To describe how changes in legislation to control sales and thus restrict the general availability of paracetamol have affected deprivation-related inequalities in deliberate self-harm associated with the drug in Scotland.
Design and setting
A descriptive analysis of routine death and hospital discharge data for the entire Scottish population between 1995 and 2002.
Patients in Scotland admitted to hospital with a diagnosis of poisoning and deaths in Scotland due to poisoning 1995–2002.
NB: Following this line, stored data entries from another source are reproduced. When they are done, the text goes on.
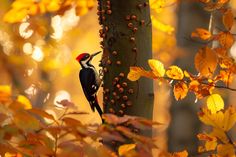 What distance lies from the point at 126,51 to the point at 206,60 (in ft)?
1.23

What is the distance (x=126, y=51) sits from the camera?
2510 mm

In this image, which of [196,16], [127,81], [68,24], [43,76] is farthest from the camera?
[68,24]

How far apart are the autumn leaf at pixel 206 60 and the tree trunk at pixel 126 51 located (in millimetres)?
264

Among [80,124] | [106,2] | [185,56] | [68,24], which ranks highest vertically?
[106,2]

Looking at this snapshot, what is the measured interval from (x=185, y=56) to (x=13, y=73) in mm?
5997

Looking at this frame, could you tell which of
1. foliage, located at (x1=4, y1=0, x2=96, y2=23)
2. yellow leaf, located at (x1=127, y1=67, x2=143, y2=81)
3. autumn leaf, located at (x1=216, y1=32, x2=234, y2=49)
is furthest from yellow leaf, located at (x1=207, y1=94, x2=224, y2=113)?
foliage, located at (x1=4, y1=0, x2=96, y2=23)

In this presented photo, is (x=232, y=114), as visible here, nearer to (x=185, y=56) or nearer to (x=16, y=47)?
(x=185, y=56)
Changes in mortality and overdose rates by deprivation quintile, and case fatality rates due to poisoning involving paracetamol.
Rates of overdose involving paracetamol, while much higher in disadvantaged quintiles, fell in each deprivation quintile following the 1998 legislation. They then returned to levels similar, or above those in the mid 1990s. All quintiles were affected to a similar extent with the relationship between them remaining constant over time. Case fatality rates were significantly higher in more disadvantaged quintiles.
Marked inequalities exist in paracetamol related harm in Scotland. The most disadvantaged groups (both male and female) have higher overdose and death rates, as well as higher case fatality rates.
Following the restrictions all social groups saw similar reductions in paracetamol related harm. This effect has been short-lived and rates have returned to pre-legislation levels. Legislation has not permanently affected overall use of paracetamol in overdose in Scotland or reduced the proportion of patients taking paracetamol as a component of the overdose in the longer term.
An important public health policy has failed to achieve its objective and it is not clear why. We need a better understanding of why this measure had only short-term benefits if its full potential is to be achieved.